Criminal probe in Waffle House exec’s sex tape case

A Fulton County grand jury has served subpoenas on a Cobb County judge to get sealed records for an ongoing criminal investigation involving the sex-tape case involving Waffle House chairman Joe Rogers Jr.

The subpoenas served March 18 on Superior Court Judge Robert Leonard seek audio and

Joe Rogers Jr.

Joe W. Rogers Jr. is chairman of Waffle House

video recordings, physical evidence and all records of a closed court hearing during which Leonard questioned Mye Brindle, Rogers’ former housekeeper. Leonard, represented by the state Attorney General’s Office, asked a Fulton County judge to quash the subpoenas. So did the Cobb County clerk of court, who was also served subpoenas for records.

On Friday, Fulton County Superior Court Judge Shawn LaGrua found that the subpoenas had not been properly served and quashed them.

LaGrua noted that Leonard was not the custodian of the documents so he could not produce them. And because the records require a judge’s order to have them unsealed, the clerk couldn’t produce them either without such an order.

LaGrua said the Fulton District Attorney’s Office could file a motion to unseal the records and that it’s Leonard’s prerogative to determine what should or should not be made available.

The confrontation stems from highly contentious litigation involving a secret video recording Brindle took while she performed a sex act on Rogers in his bedroom in 2012, according to court records. She made the recording a few weeks after retaining Marietta lawyers David Cohen and John Butters.

After the video was taken, Cohen sent a letter to Rogers on July 16, 2012, encouraging him to reach a large monetary settlement to resolve sexual harassment allegations. A failure to do so could result in media attention, criminal charges, divorce and the destruction of families, the letter said.

Rogers has denied harassing Brindle and said any sexual activity was consensual. Rogers’ lawyer, Robert Ingram, has said the Fulton grand jury is investigating Brindle and her two attorneys.

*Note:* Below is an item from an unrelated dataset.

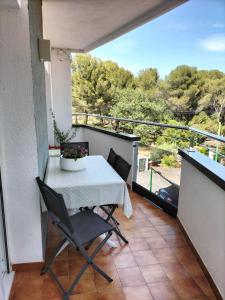 薩卡羅的住宿－Vilar d'Aro Apartment，设有一个配有桌椅并享有美景的阳台。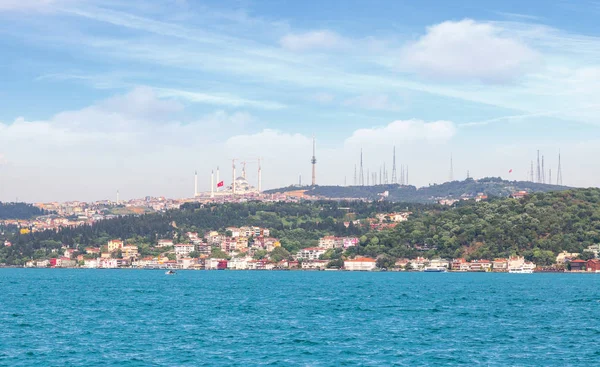Πανοραμική Θέα Του Isatmbul Από Σκάφος — Φωτογραφία Αρχείου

In Georgia, it is a felony to videotape the activities of another person in a private place without the consent of all parties involved. The subpoenas were served by an investigator who works for the Fulton District Attorney’s public integrity unit. The secret videotaping of Rogers occurred at his home in north Fulton.

The Fulton grand jury subpoenas seek evidence placed under seal by Senior Cobb Superior Court Judge Grant Brantley in November 2012. These include towels, letters from Brindle to Rogers and video recordings. Brantley said he was placing the recordings under seal because they included images of nudity and sexual activity.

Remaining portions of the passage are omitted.